The other levers (visibility, payments, KAM time)
Commission is the headline number, but it is only one of five levers an operator can move at renewal time. The other four are visibility-program inclusion, payment terms, KAM time allocation, and content/marketing support. A negotiation that wins on three of the five often produces more P&L impact than a negotiation that wins only on commission. Operators who only optimize for the commission line item leave 30-50% of the available value on the table.
Lever 2: visibility-program inclusion
Genius, Preferred Partner, Boost, Expedia Accelerator — each costs 4-7 points of commission on top of the base. For a property doing €4M in OTA revenue, 5 points across 60% of bookings is €120k a year of extra commission paid. Worth it if the visibility program produces a verifiable lift in revenue greater than that cost. Not worth it if the OTA cannot demonstrate the incremental volume.
The negotiation lever: ask the OTA to absorb the visibility uplift on specific room categories or specific months. "We will participate in Preferred Partner across all 4 properties year-round, in exchange for the OTA absorbing the 4-point uplift on stays under €120 ADR." OTAs grant this more often than operators expect because it is invisible on their P&L (they record it as a price adjustment, not a commission concession).
Lever 3: payment terms
Standard merchant-model payment terms are 30-45 days after stay. For a property with €4M in OTA revenue at 35% on merchant model, that is approximately €120k floating with the OTA at any given time. At a 6% cost of capital, the working-capital cost is €7,200 a year per property — €30k across a 4-property portfolio.
The negotiation lever: shorten payment terms to 14 or 21 days, or move from merchant model to commission model on more inventory (where the guest pays you directly and you pay the OTA monthly). Both reduce your working-capital cost. OTAs resist because they earn float on the held funds, but they will concede when traded against other items.
Lever 4: KAM time allocation
Your KAM's time is a finite resource. A KAM at Booking.com typically manages 60-120 accounts and gives the top 20% roughly 70% of their attention. Securing committed KAM time — monthly business reviews, quarterly strategic sessions, dedicated dispute resolution within 48 hours — is a real concession with real value.
The negotiation lever: ask for named KAM with documented service-level commitments, escalation path to the Regional Director on disputes unresolved in 5 business days, and quarterly senior-leadership engagement.
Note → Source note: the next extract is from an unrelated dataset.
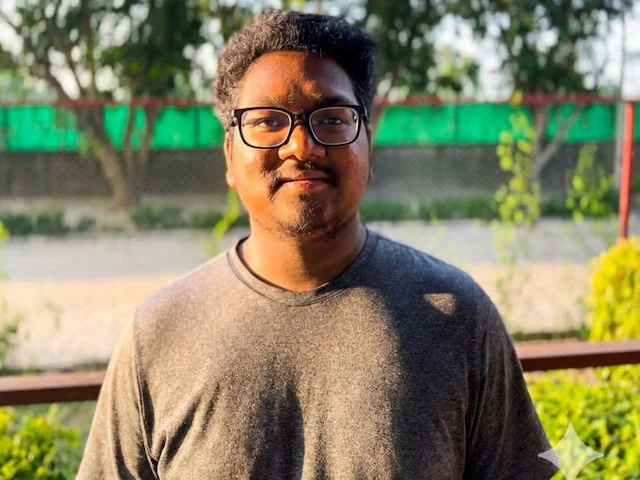 पोते वीर सोरेन की मौत की खबर मिलने के बाद कुल्लू मनाली पहुंचे चंपाई, शव सरायकेला लाया जा रहा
OTAs grant this freely to operators with 3+ properties because it costs them nothing and binds you to the relationship.
Lever 5: content and marketing support
Most OTAs run market development funds (MDF) and content production support — professional photography, listing optimization, translation services, paid placement in OTA email campaigns. These are typically not advertised; you have to ask. Annual MDF allocations of €15k-€60k per property are common for portfolio operators who request them and have the volume to justify.
The negotiation lever: ask for a named MDF allocation in the contract — not "available on request" but a specific number with a specific approval process. Booking.com and Expedia both have programs that grant this; the KAM will not surface them unless you raise the topic.
A commission concession is a one-time win. A restructured set of levers compounds across the contract. Optimize for the lever package, not the commission line.